For R/4.3.0, use /cluster/tufts/hpc/tools/R/4.3.0

R Interactive Session#

An R interactive session refers to the mode of using the R programming language interactively, where users can directly enter commands, execute them, and immediately see the results. It allows users to explore data, test functions, and perform analyses in real-time within the R environment. This mode is particularly useful for tasks like data exploration, debugging code, and quick data manipulations.

Steps:

Login to the HPC cluster (new cluster Pax)

ssh your_username@login.pax.tufts.edu
From the login node, load R module (e.g. R/4.0.0)

$ module load R/4.0.0
Allocate computing resources. Start an interactive session with your desired number of cores and memory, here we are using 2 cores with 4GB of memory

$ srun -p interactive -n 2 --mem=4g --pty bash

Note: Interactive partition has a default 4-hour time limit

For more information on how to allocate resources on Tufts HPC cluster, please reference: Pax User Guide
Within the interactive session, you can start R

$ R

In R, you can install the packages you need in your home directory with:

> install.packages("XXX").

You can also use the packages installed in HPC Tools R package repo:

> LIB='/cluster/tufts/hpc/tools/R/4.0.0'

>.libPaths(c("",LIB))

If you are having trouble installing the packages you need, please contact tts-research@tufts.edu.
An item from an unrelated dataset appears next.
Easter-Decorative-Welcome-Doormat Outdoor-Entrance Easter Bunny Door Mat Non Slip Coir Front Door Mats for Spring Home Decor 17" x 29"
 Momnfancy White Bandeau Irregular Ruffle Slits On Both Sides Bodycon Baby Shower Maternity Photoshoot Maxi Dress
Exit from R command line interface:

> q()
To terminate interactive session

$ exit

R batch jobs#

R batch job refers to running R scripts or R commands in a batch mode, where the job is submitted to the computing cluster’s scheduler to be executed asynchronously. Batch jobs are typically used for computationally intensive tasks or tasks that require significant processing time, as they allow users to submit jobs and continue working without having to wait for the job to complete. This approach is useful for running R scripts that involve large datasets, complex calculations, or simulations that may take a long time to finish.

Steps:

Login to the HPC cluster
Upload your R script to the HPC cluster
Go to the directory/folder which contains your R script

Open your favorite text editor and write a slurm submission script similar to the following one batchjob.sh (name your own)

#!/bin/bash
#SBATCH -J myRjob  #job name
#SBATCH --time=00-00:20:00 #requested time
#SBATCH -p batch  #running on "batch" partition/queue
#SBATCH -n 2  #2 cores total
#SBATCH --mem=2g #requesting 2GB of RAM total
#SBATCH --output=myRjob.%j.out #saving standard output to file
#SBATCH --error=myRjob.%j.err  #saving standard error to file
#SBATCH --mail-type=ALL  #email optitions
#SBATCH --mail-user=Your_Tufts_Email @tufts.edu
module load R/4.0.0
Rscript --no-save your_rscript_name.R

You can find a sample script that you can copy to your own directory in /cluster/tufts/hpc/tools/slurm_scripts/R

Submit it with

$ sbatch batchjob.sh
If you are submitting multiple batch jobs to run the same script on different datasets, please make sure they are saving results to different files inside of your R script.